Toy studies

Contents

Toy studies#

Having a model, it can be convenient to do sensitivity studies and checks of the fit by doing a “toy study”: sampling from the model and fitting to the generated sample. The fitted values and the spread characterize whether the fit is biased or not. The difference to the “actual” value divided by the uncertainty (the pulls) should follow a standard Gaussian distribution

import matplotlib.pyplot as plt
import numpy as np
import progressbar
import tensorflow as tf
import zfit
from zfit import z
No module named 'nlopt'

We gonna build a simple model, just a Gaussian. But, given the well defined workflow of zfit, model can be exchanged by any complicated composition or custom model.

obs = zfit.Space('x', (-5, 5))

sigma = zfit.Parameter('sigma', 1, 0.1, 10)
mu = zfit.Parameter('mu', 0, -1, 1)
model = zfit.pdf.Gauss(obs=obs, mu=mu, sigma=sigma)

Instead of using sample as before, we will first build our loss with a more efficient Data, a “sampler”, created by create_sampler. This has like sample the arguments for limits and the number of samples, but also supports fixed_params, which is true by default. This means that whenever this object is resampled, it will be resampled with the parameter values that it had when we created the sampler.

sampler = model.create_sampler(n=3000, fixed_params=True)

So far, no sampling happened yet. But first, we build our whole chain, just using our sampler as data.

nll = zfit.loss.UnbinnedNLL(model, sampler)

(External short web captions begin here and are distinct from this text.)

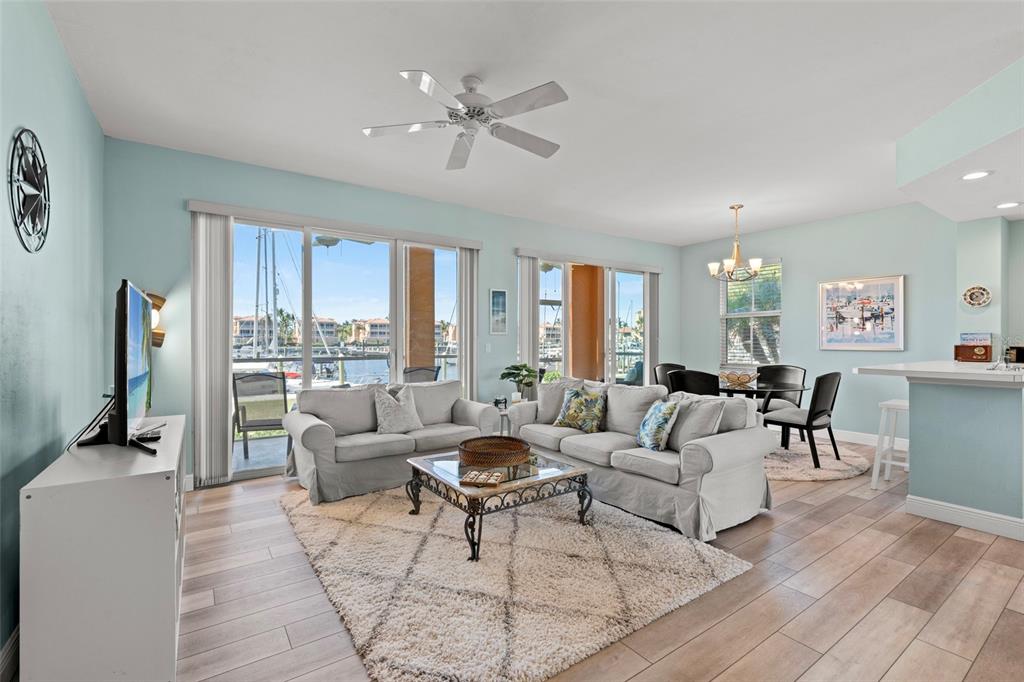 2060 Matecumbe Key Road, Unit 2106 Punta Gorda, FL 33955 - Photo 6 of 56 a living room with furniture large window and wooden floor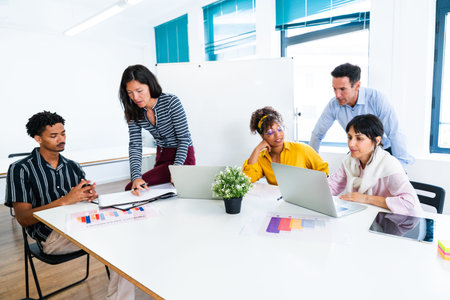 Multi-ethnic business team collaborating on a project, analyzing charts and data displayed on laptop...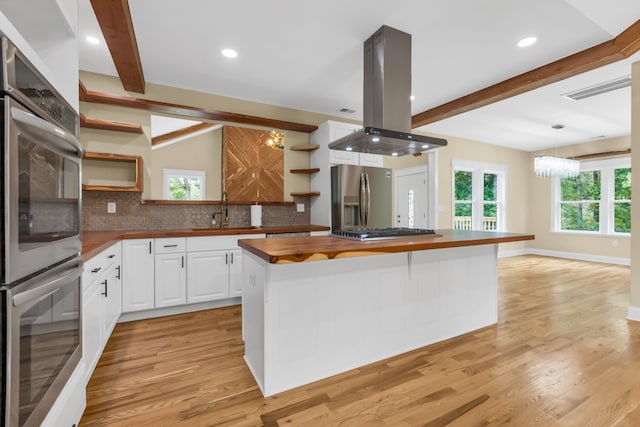 kitchen with wood counters, stainless steel appliances, island exhaust hood, and a healthy amount of sunlight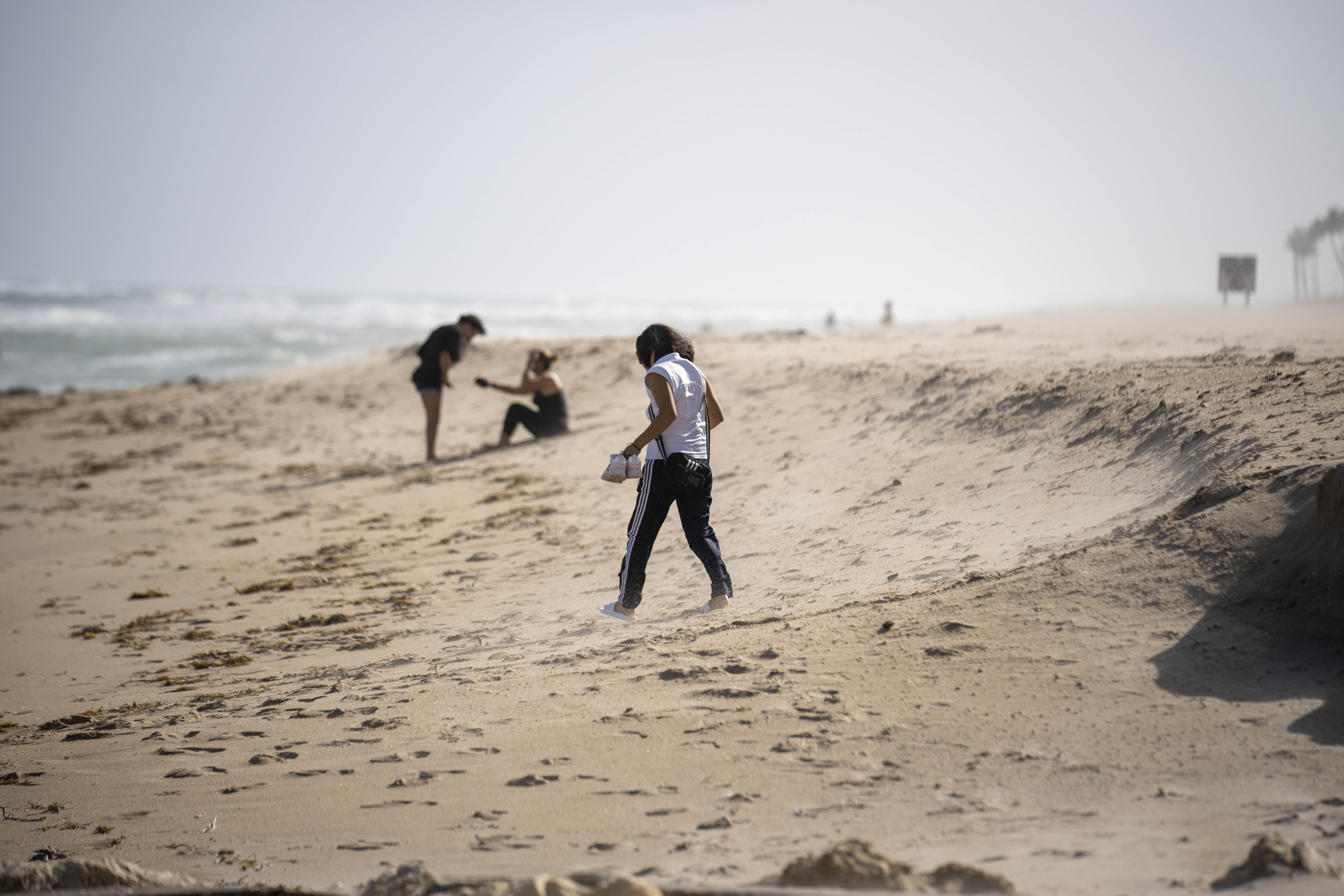 A few people put up with strong wind on the beach in Palm Beach, Fla., Tuesday, as Tropical Storm Nicole continues to increase in strength and is expected to make landfall along Florida's east coast early Thursday.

from zfit.minimize import \
    DefaultToyStrategy  # this stategy does not raise an error with NaNs but returns a non-converged `FitResult`

minimizer = zfit.minimize.Minuit(strategy=DefaultToyStrategy(), verbosity=0, tol=1e-3, use_minuit_grad=True)
fit_results = []
ntoys = 20
params = nll.get_params()

with progressbar.ProgressBar(max_value=ntoys) as bar:

    while len(fit_results) < ntoys:

        # Generate toys
        sampler.resample()  # this is where the sampling happens

        # Randomise initial values. They can put the pdf in an unphysical region, making it negative at points.
        # This will produce NaNs in the log of the NLL. Therefore, we randomize until we got no NaNs anymore.
        for param in params:
            param.randomize()  # or smarter, use `set_value` for your own method

# The following can be used if the loss may returns NaNs, to test. Repeat in a while loop until it matches
#            try:
#                is_nan = np.isnan(zfit.run(nll.value()))
#            except tf.errors.InvalidArgumentError:  # NaNs produced, check_numerics raises this error
#                # print("nan error, try again")  # try again
#                is_nan = True
#            else:
#                break

        # Minimise the NLL
        result = minimizer.minimize(nll)

        if result.converged:
            # Calculate uncertainties
            result.hesse()
            fit_results.append(result)
            bar.update(len(fit_results))
print(fit_results[:10])
[<zfit.minimizers.fitresult.FitResult object at 0x7fd2284babd0>, <zfit.minimizers.fitresult.FitResult object at 0x7fd228490ad0>, <zfit.minimizers.fitresult.FitResult object at 0x7fd22d1fa490>, <zfit.minimizers.fitresult.FitResult object at 0x7fd22851d650>, <zfit.minimizers.fitresult.FitResult object at 0x7fd2296f8a50>, <zfit.minimizers.fitresult.FitResult object at 0x7fd283642090>, <zfit.minimizers.fitresult.FitResult object at 0x7fd2283b9d10>, <zfit.minimizers.fitresult.FitResult object at 0x7fd2283ba810>, <zfit.minimizers.fitresult.FitResult object at 0x7fd228391e50>, <zfit.minimizers.fitresult.FitResult object at 0x7fd228332c50>]

Evaluate results#

From here on, we can use the fit_results to compare against the true value, make plots, etc.